▶ Exercise: Within the records that follow, restate exactly the lines from the line with "Zaramusic tweet media" down to the line with "Rihanna自己发的一条庆祝ANTI发行五周年", including both. Omit the pictures.

▶ Task input:
((

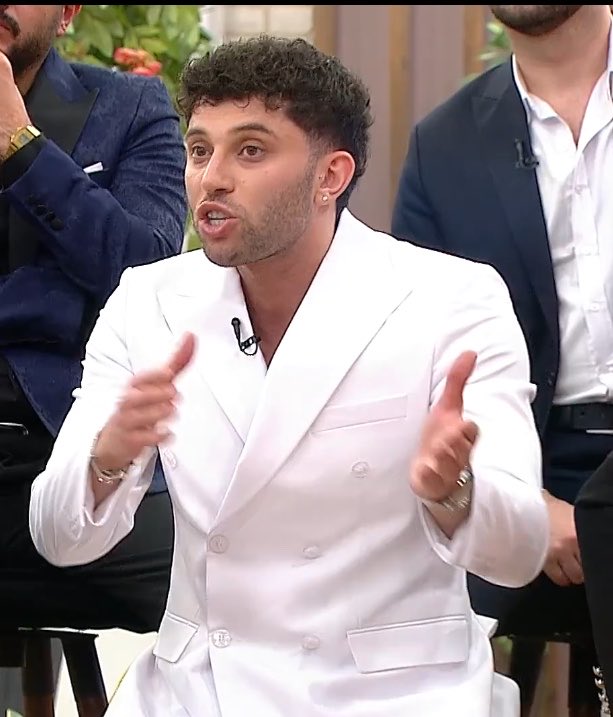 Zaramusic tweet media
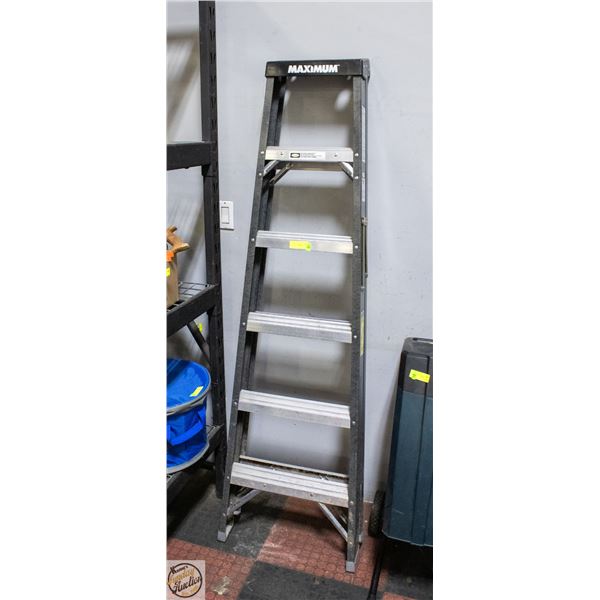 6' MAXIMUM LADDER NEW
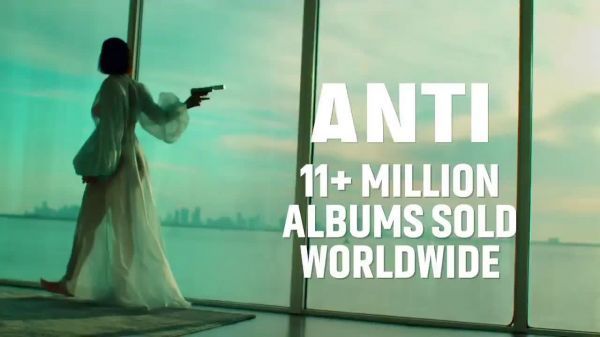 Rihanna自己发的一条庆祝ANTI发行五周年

))
((

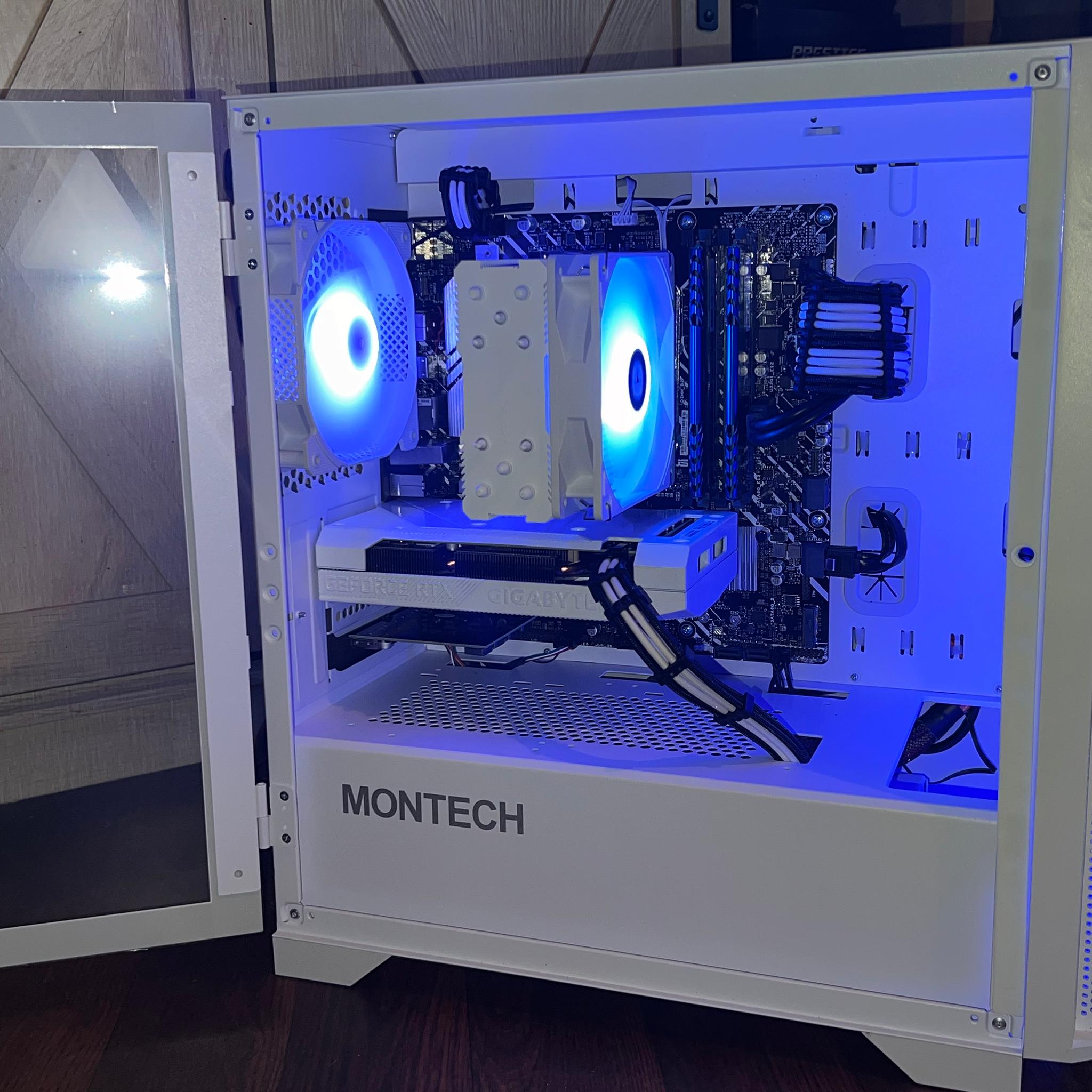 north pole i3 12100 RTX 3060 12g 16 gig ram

))

▶ Your response:
 Zaramusic tweet media
 6' MAXIMUM LADDER NEW
 Rihanna自己发的一条庆祝ANTI发行五周年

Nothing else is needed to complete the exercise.